M.J. Masishin, a smoker, said she is sticking with her local pub to support its employees. She said the crowd appeared to be as big as ever, but she worried that wouldn't last.

"Whether they'll stay after the game they're watching if they're smoking, we'll have to wait and see," the Bethesda resident said.

David Weaver, chief spokesman for County Executive Douglas M. Duncan, said his boss signed the measure in July after vetoing an earlier version in 1999. Weaver said studies since then have shown such bans have not hurt business in other places that have adopted such ordinances.

"We have a lot more evidence than we did four years ago that the sky will not fall," Weaver said. "A majority of our restaurants were already smoke-free so this is not a major change in direction."

The ban went into effect after a judge declined to issue an injunction delaying it, ruling that a lawsuit by county restaurateurs challenging the measure was unlikely to prevail. An earlier suit succeeded when a court ruled the County Council improperly tried to get around Duncan's 1999 veto.

Through a quirk in the law, a few municipalities in the county - including Gaithersburg, Rockville and Kensington - remain exempt.
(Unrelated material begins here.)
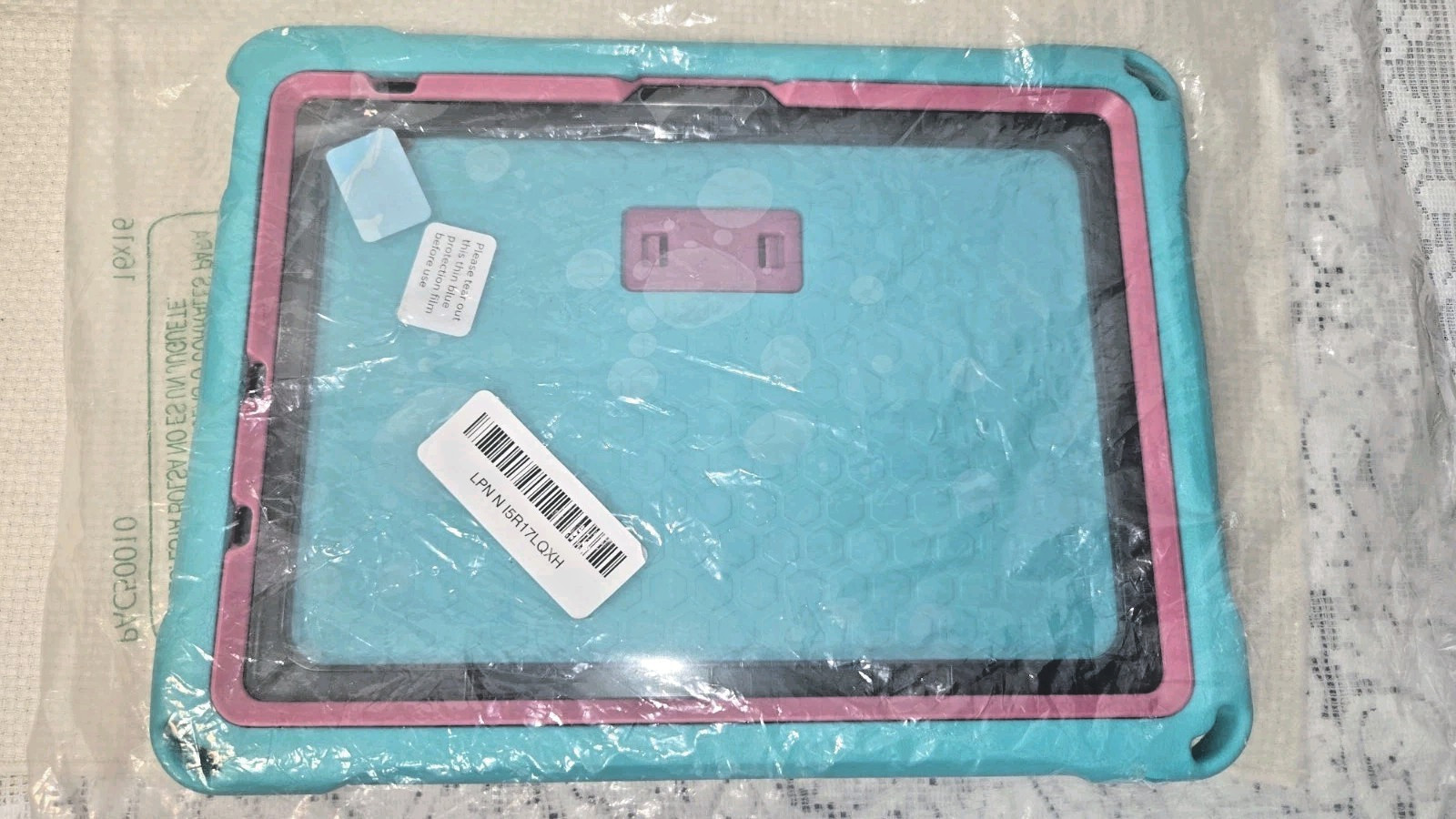 Heavy Duty 10" Tablet Case Teal Pink Rugged Shockproof Hand Grip Stand New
Other towns, such as Chevy Chase and Takoma Park, have adopted the ban.

Weaver said he believes the holdout municipalities will soon adopt the ban, but until then some Montgomery smokers are flocking to those enclaves.

Making the commute

At Savannah's in Kensington, the bar was packed and filled with pungent clouds yesterday while the smoke-free restaurant section remained half-full.

Jenny Tarsha puffed on a Marlboro as she sat at the bar across from a bank of televisions tuned to football games.
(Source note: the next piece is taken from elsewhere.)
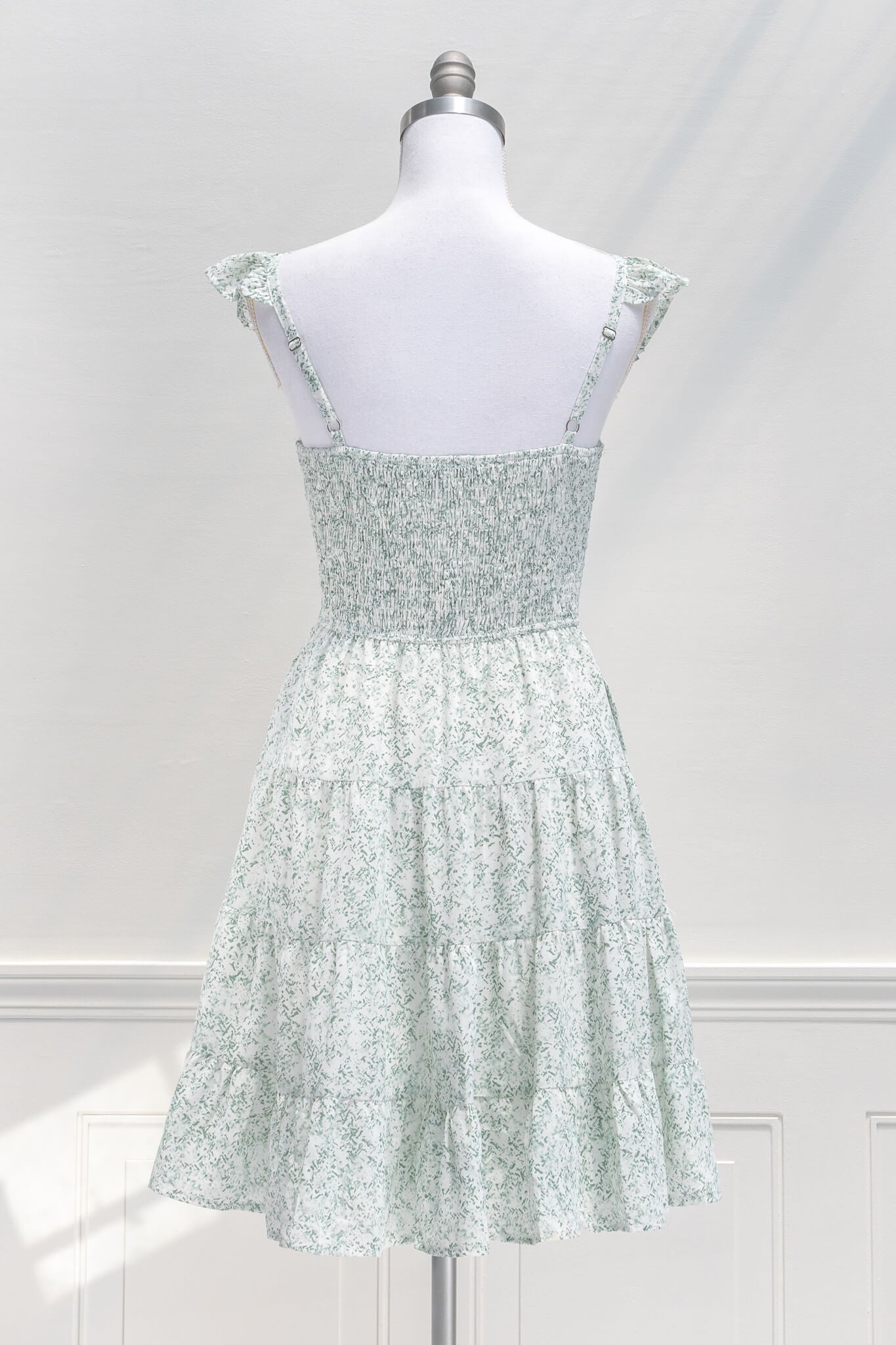 Amantine Aesthetic Dress Collection - Sea Salt Mini Dress 3XL / Green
Tarsha said she usually frequents taverns near her Bethesda home, but decided to travel about 3 1/2 miles to Kensington because the "ridiculous" ban doesn't apply there.

Down the bar sat Mike Roman, a bartender at Copeland's in Rockville. The Silver Spring resident said his employer decided to go along with the county ban even though it is in an exempt municipality. Roman said the ban is affecting business but "not too bad."

Puffing on a cigarette, Roman tried to see a bright side in the county ordinance - speculating that some people who don't like smoke will feel more comfortable in bars.

"It might bring a different crowd, but it's going to take some time," he said.

At Willie & Reed's, Pearlman was taking a philosophical view as well. He said he expects some of his customers will defect to bars in Washington - just two miles away - but noted that a similar ban has been proposed there.

"I think D.C.'s going to come on board," he said.

Cohan said she, too, expects Washington to copy the ban. "Maybe it'll have a positive effect and I'll quit," she said.